Although the chief of Terra Firma, which borrowed £2.6 billion to buy EMI in 2007, has said he’s still in “constructive discussions” with Citigroup, some are suggesting the bank should just liquidate the business.
Pali Research analyst Richard Greenfield believes the best way for Citigroup to maximize the value of the debt it holds in EMI is to break up the company. He may be going over very old ground but suggests the recorded music division could be hived off to Warner Music, either leaving the publishing business with Terra Firma or auctioning it to the highest bidder.
Warner and EMI have reportedly circled each other at various times in the last 10 years. One potential deal was sunk over anti-trust issues, but Greenfield argues that the music industry is a different place right now and regulators may be more sympathetic next time around.
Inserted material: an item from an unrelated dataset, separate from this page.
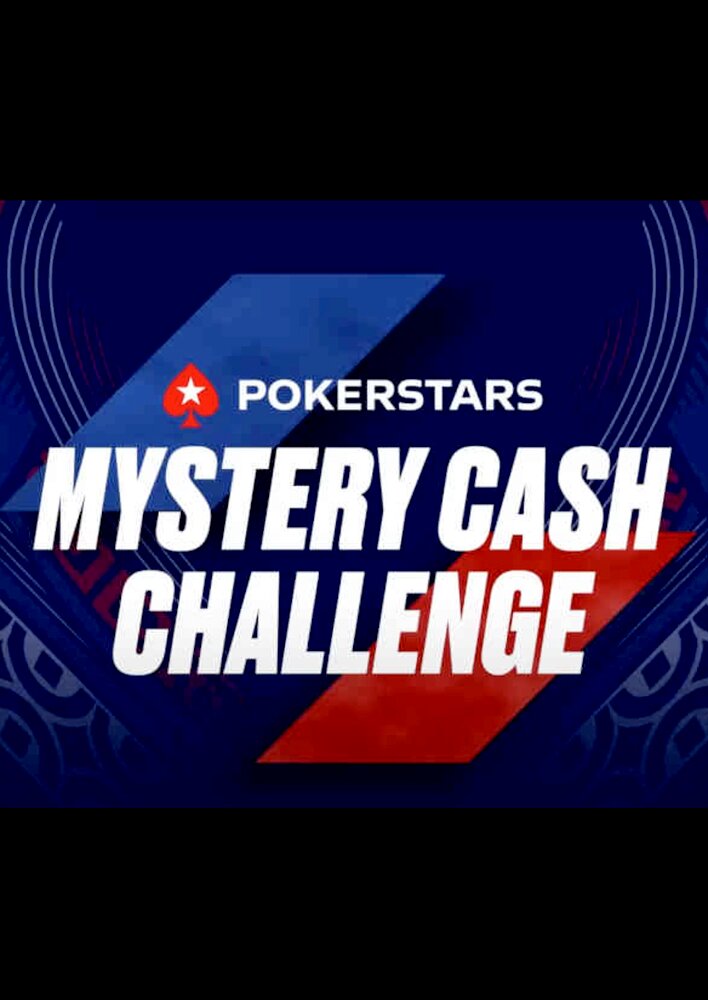 Mystery Cash Challenge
If it can sell a couple of warehouses full of Beatles albums then the beleaguered UK major may be able to meet its banking covenants in the short time. But the danger is that – the next time it comes up short – the bank pushes it into hiving off the valuable and money-making publishing business.
The Daily Telegraph has already warned that Citigroup may be forced to take control of EMI if it can’t reach a financial restructuring agreement on its debt.
Terra Firma and Citigroup have both written down most of their investments in EMI. Hands has always given the impression that he intends to turn the UK major around and he’s in for the longer haul, but he’s recently said the intransigence of the corporate banks is killing private equity investment.
Hands is clearly making some progress, as EMI recently announced earnings before interest, taxes, depreciation and amortization (EBITDA) for the year ending March 31 were up 81.3 percent to £298 million.
However, beyond the trading figures, the interest on the Citigroup debt is £196 million per year – two-thirds of what the company’s making. There are also restructuring costs of about £110 million and probably a further £110 million on amortization and depreciation.